What is needed is a faithful copy of all the entries, with no pictures in it.

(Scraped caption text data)
• • • • • • •
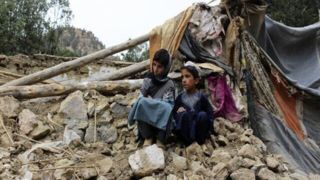 ابراز همدردی ایران با زلزله‌زدگان افغانستان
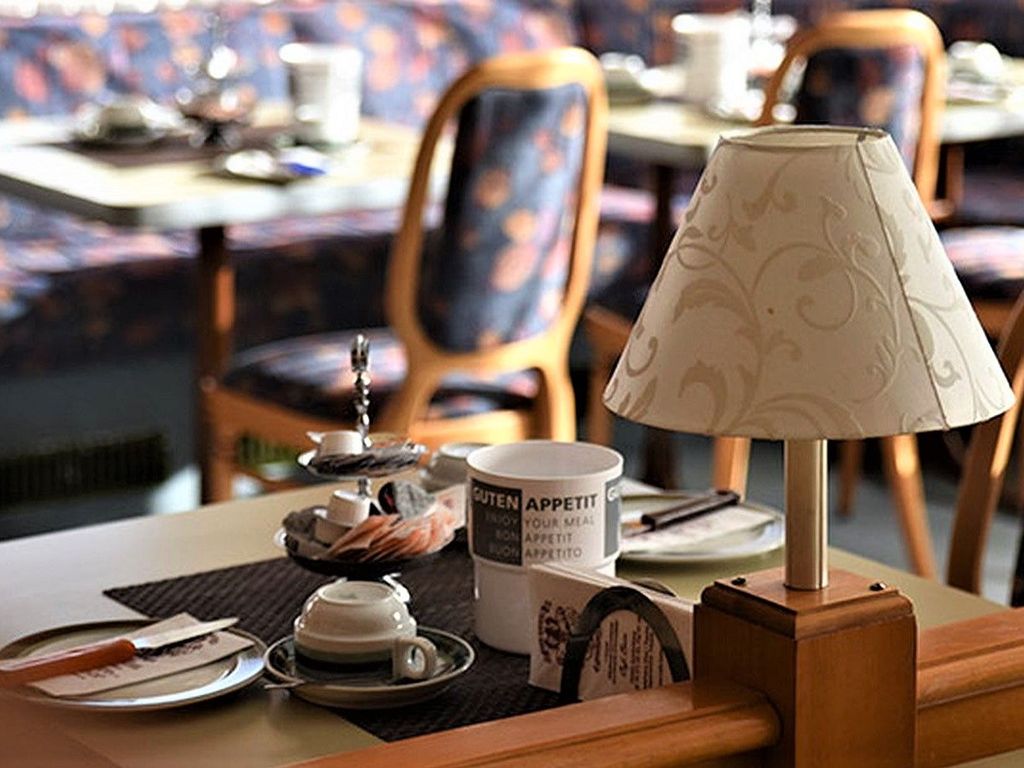 Hotel Conditorei Cafe Baier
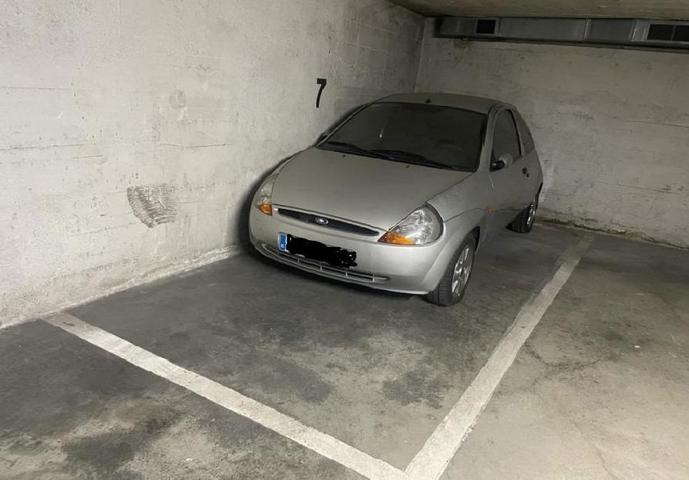 PARKING EN ALQUILER EN REMOLINOS photo 0
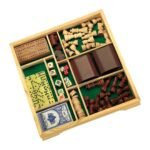 Gioco Scacchiera 7 In 1 Dama - immagine 2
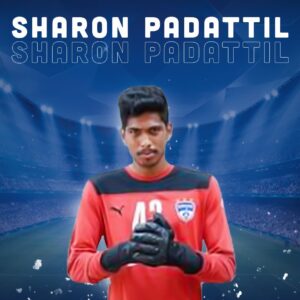 Bengaluru FC Squad 2021-2022 : Sharon Padattil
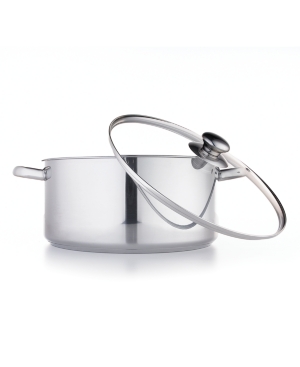 Tools of the Trade Basics Casserole, 8 Qt. Stainless Steel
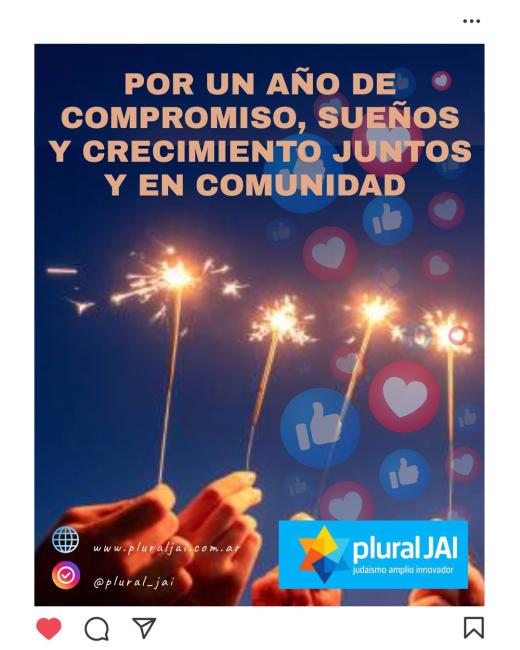 FELICIDADES y nuestros deseos para el año 2026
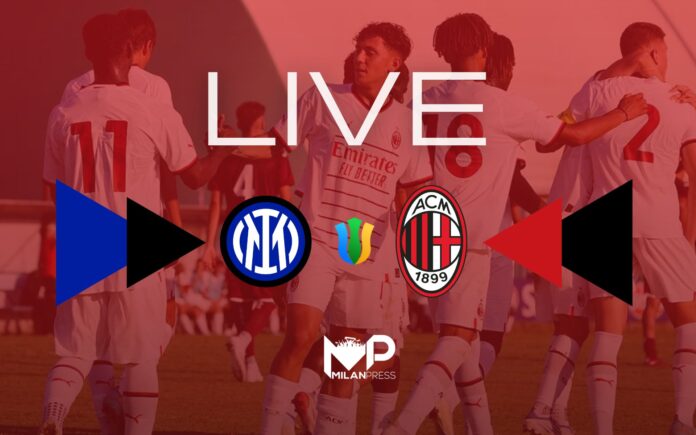 Inter-Milan Primavera Live - MilanPress, robe dell'altro diavolo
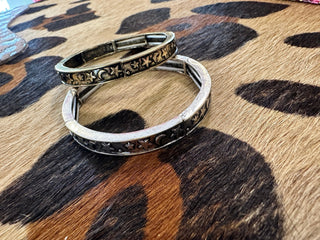 Moon & Star Harmony Bracelet - Boutique Bella BellaBracelet
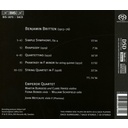 BIS String Quartets Vol. 3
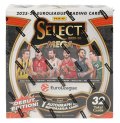 2026-26 Panini Select Basketball Euroleague Mega Box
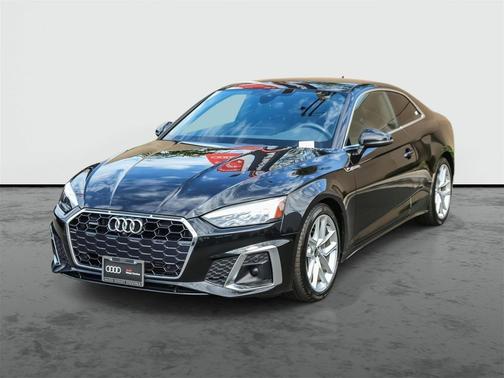 2023 Audi A5 45 S line Premium Plus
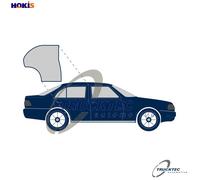 DOOR SEAL 02.53.057 FOR MERCEDES-BENZ M110.985/983/922 2.7L 6cyl S-CLASS 4.5L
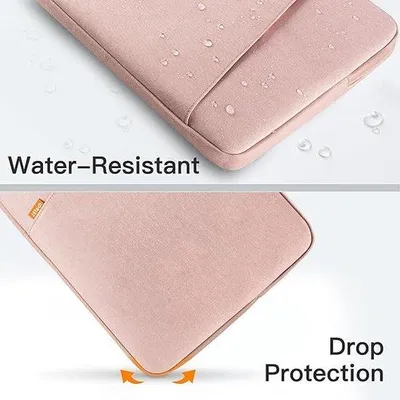 Produktbild von Wasserdichte Notebooktasche 16 Zoll Laptop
• • • • • • •
SOLUTION TO THE EXERCISE>
 ابراز همدردی ایران با زلزله‌زدگان افغانستان
 Hotel Conditorei Cafe Baier
 PARKING EN ALQUILER EN REMOLINOS photo 0
 Gioco Scacchiera 7 In 1 Dama - immagine 2
 Bengaluru FC Squad 2021-2022 : Sharon Padattil
 Tools of the Trade Basics Casserole, 8 Qt. Stainless Steel
 FELICIDADES y nuestros deseos para el año 2026
 Inter-Milan Primavera Live - MilanPress, robe dell'altro diavolo
 Moon & Star Harmony Bracelet - Boutique Bella BellaBracelet
 BIS String Quartets Vol. 3
 2026-26 Panini Select Basketball Euroleague Mega Box
 2023 Audi A5 45 S line Premium Plus
 DOOR SEAL 02.53.057 FOR MERCEDES-BENZ M110.985/983/922 2.7L 6cyl S-CLASS 4.5L
 Produktbild von Wasserdichte Notebooktasche 16 Zoll Laptop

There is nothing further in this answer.